Exercise data section start

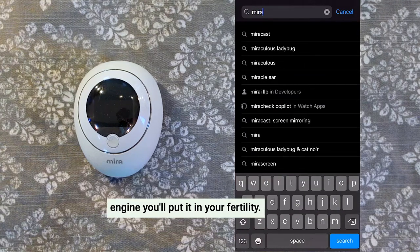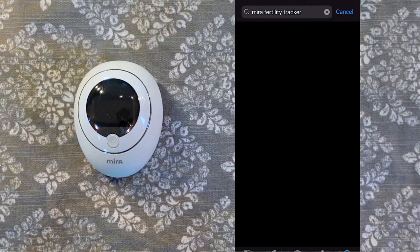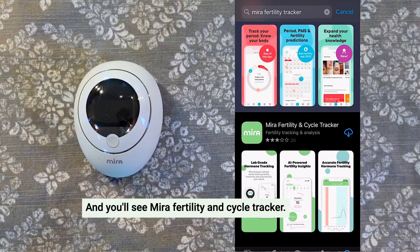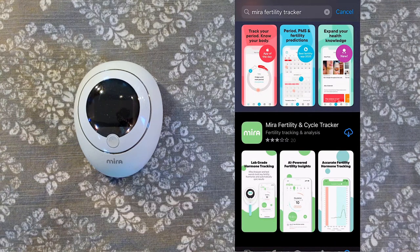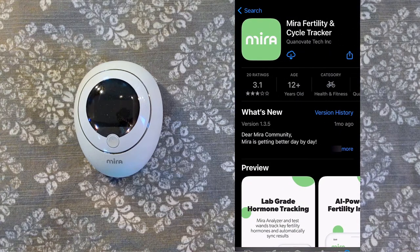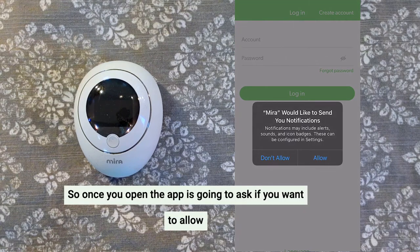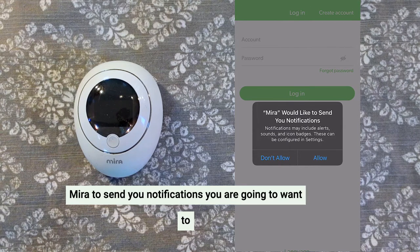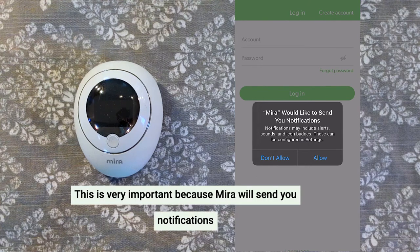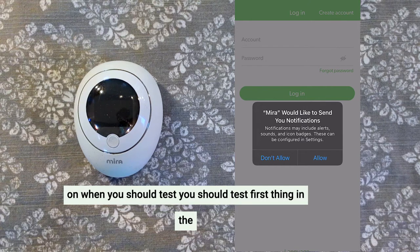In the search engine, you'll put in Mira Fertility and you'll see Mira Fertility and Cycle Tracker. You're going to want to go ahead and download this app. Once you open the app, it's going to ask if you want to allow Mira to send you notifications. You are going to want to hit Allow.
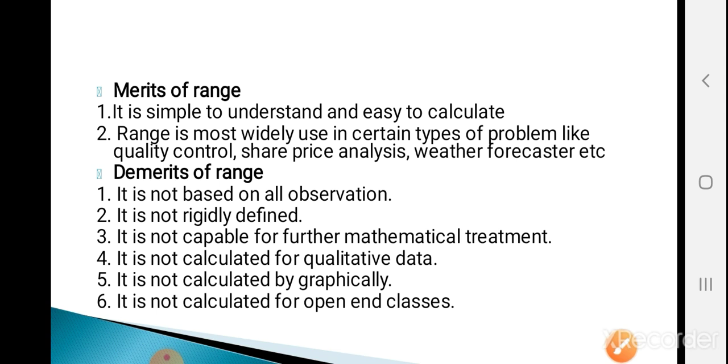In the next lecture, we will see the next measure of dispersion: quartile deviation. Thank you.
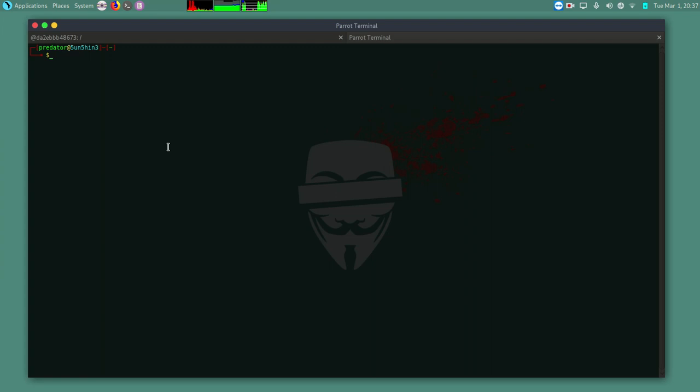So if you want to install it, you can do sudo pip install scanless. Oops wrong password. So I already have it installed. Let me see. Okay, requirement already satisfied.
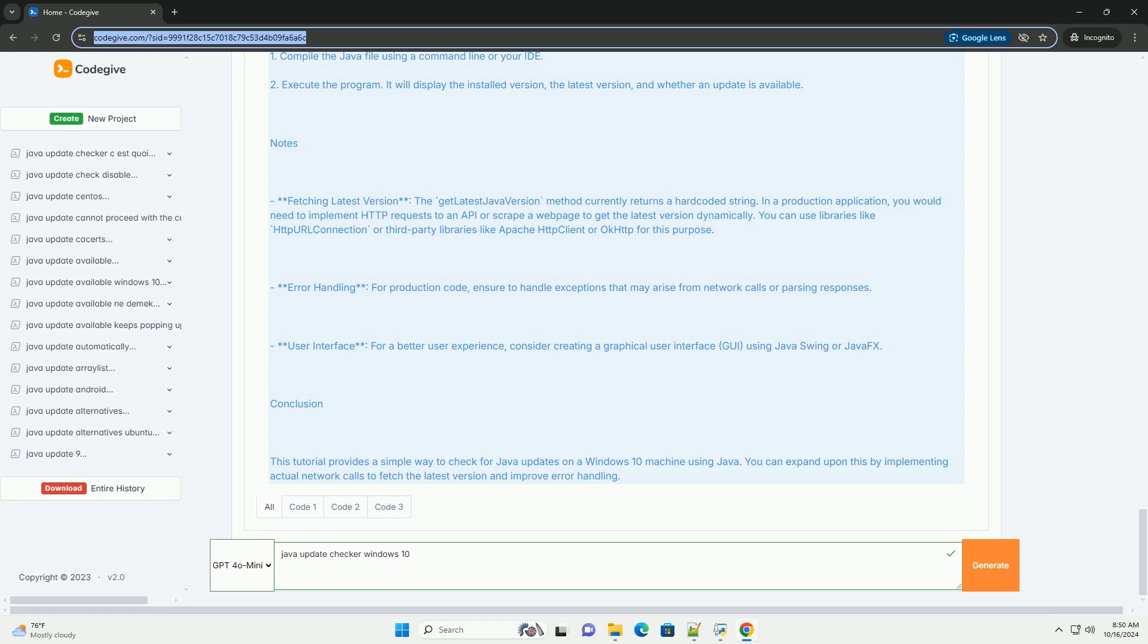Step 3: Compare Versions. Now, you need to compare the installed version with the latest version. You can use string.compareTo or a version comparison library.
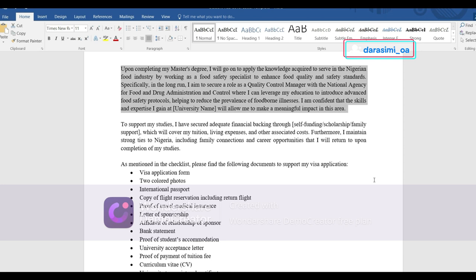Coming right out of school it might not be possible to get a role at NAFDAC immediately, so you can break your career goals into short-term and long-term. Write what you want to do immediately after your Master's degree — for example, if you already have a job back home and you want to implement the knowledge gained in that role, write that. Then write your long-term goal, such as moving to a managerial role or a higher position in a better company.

Exercise data section end
Exercise data section start

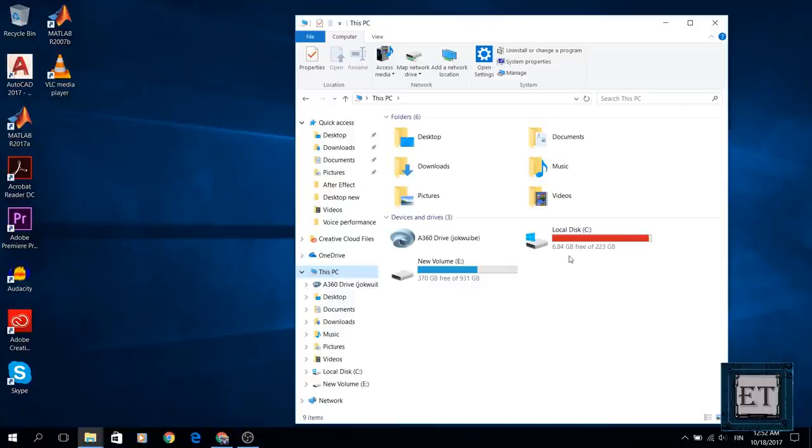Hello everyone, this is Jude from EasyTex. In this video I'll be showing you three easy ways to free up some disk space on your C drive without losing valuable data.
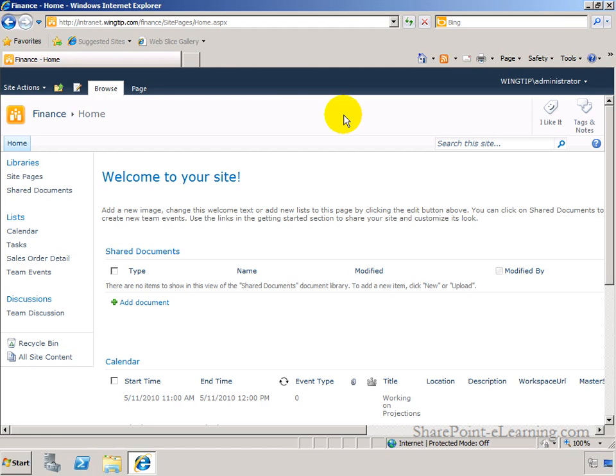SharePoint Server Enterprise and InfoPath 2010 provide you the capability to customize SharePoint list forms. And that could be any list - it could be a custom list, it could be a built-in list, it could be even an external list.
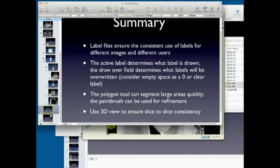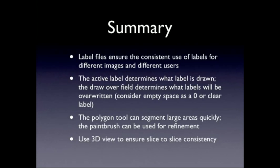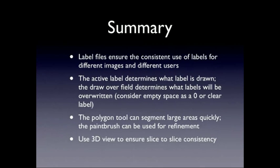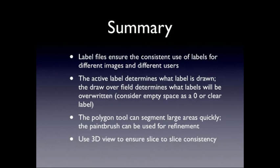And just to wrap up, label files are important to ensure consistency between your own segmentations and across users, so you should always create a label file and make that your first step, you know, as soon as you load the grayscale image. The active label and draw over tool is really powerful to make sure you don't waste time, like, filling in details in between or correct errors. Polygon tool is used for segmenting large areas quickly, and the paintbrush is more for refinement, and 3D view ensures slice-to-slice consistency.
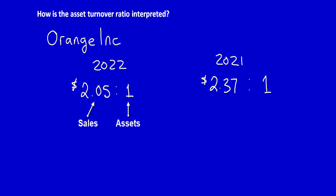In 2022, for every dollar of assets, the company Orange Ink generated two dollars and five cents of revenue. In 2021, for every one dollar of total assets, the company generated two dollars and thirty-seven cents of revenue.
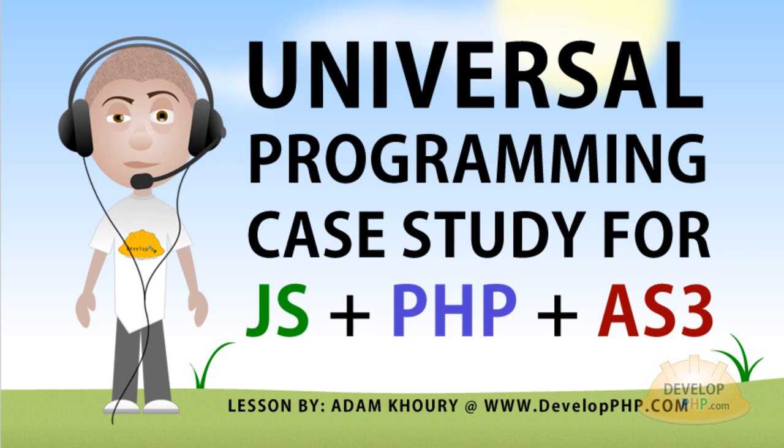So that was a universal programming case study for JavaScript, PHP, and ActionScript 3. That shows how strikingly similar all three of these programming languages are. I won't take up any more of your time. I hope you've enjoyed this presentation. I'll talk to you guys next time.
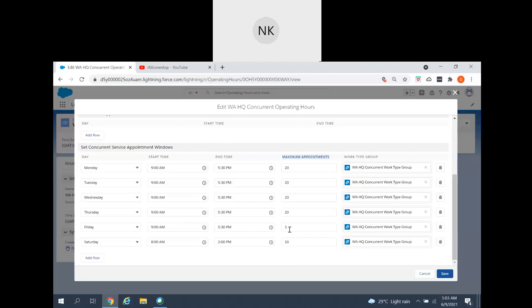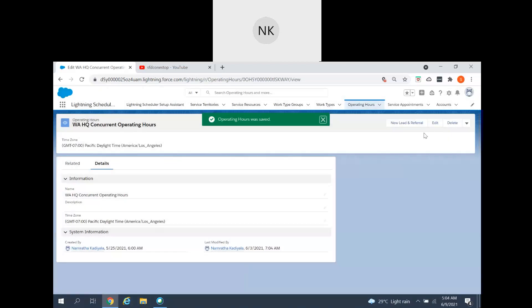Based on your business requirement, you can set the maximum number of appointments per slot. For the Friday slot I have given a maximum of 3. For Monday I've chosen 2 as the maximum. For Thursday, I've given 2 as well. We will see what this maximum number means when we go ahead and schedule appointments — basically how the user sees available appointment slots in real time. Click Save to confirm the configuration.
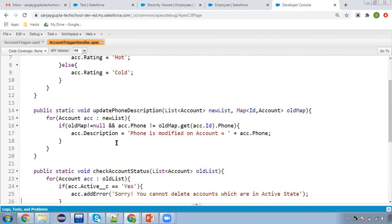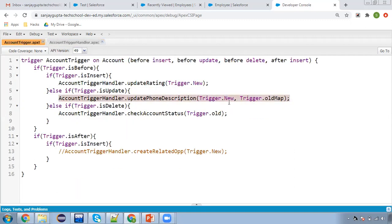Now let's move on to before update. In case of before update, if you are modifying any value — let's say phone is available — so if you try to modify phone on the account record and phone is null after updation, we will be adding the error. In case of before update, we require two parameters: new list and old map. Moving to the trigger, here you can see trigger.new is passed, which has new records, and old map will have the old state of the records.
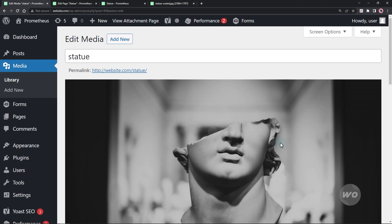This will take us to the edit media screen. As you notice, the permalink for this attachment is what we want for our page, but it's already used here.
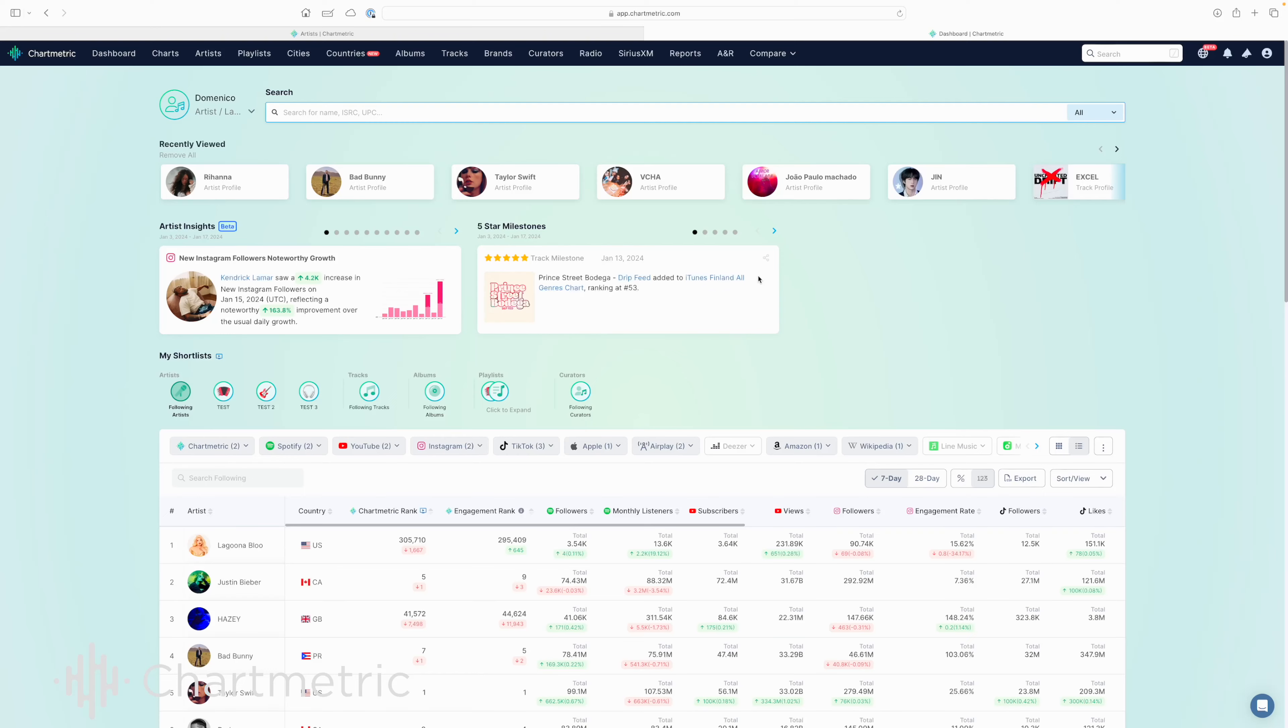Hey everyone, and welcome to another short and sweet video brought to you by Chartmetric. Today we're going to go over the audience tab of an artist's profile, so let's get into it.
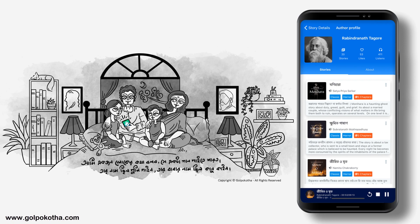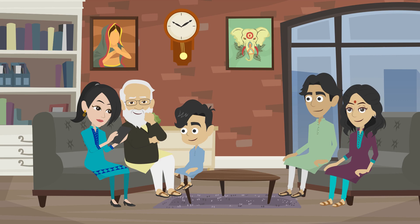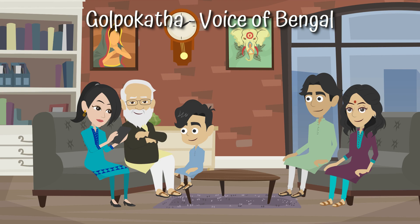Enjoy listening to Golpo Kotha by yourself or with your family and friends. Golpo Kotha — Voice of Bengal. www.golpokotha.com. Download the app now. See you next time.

Exercise data section end
Exercise data section start

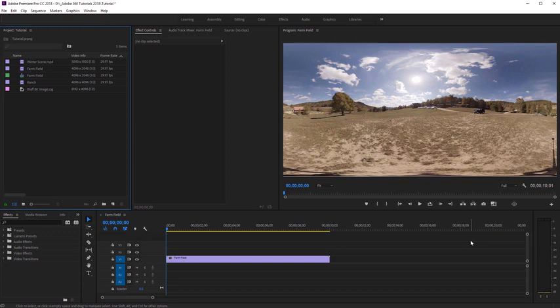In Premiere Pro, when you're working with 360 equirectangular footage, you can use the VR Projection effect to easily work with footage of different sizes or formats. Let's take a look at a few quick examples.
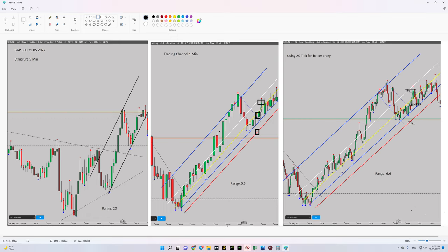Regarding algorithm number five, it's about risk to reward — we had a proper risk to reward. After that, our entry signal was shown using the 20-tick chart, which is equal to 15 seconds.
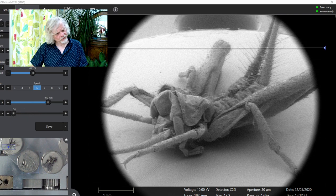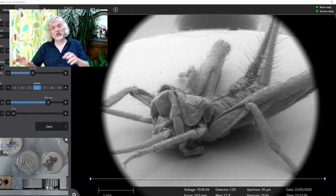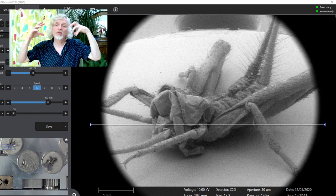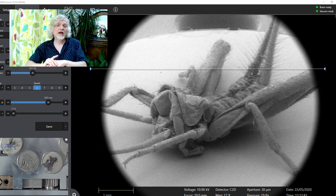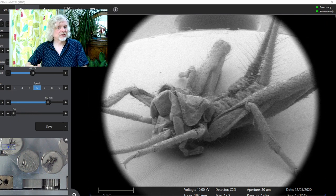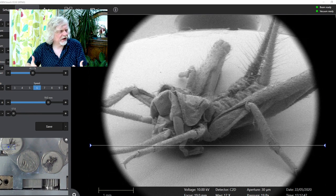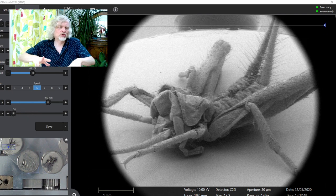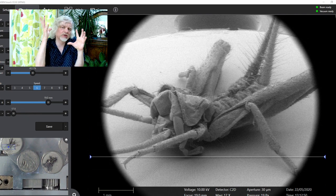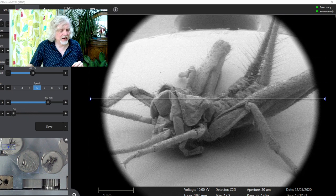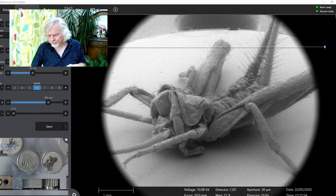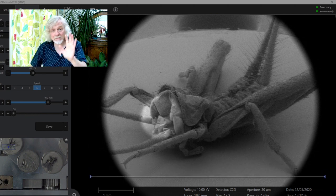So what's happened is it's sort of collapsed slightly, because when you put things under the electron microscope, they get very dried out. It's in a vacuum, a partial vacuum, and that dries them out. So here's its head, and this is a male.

Exercise data section end

**Task brief:**
Using the listing above, repeat word for word each line from the one with "Hello everyone, this" down to the one with "SharePoint Server Enterprise", both included. Omit all pictures.

**Finished task:**
Hello everyone, this is Jude from EasyTex. In this video I'll be showing you three easy ways to free up some disk space on your C drive without losing valuable data.
SharePoint Server Enterprise and InfoPath 2010 provide you the capability to customize SharePoint list forms. And that could be any list - it could be a custom list, it could be a built-in list, it could be even an external list.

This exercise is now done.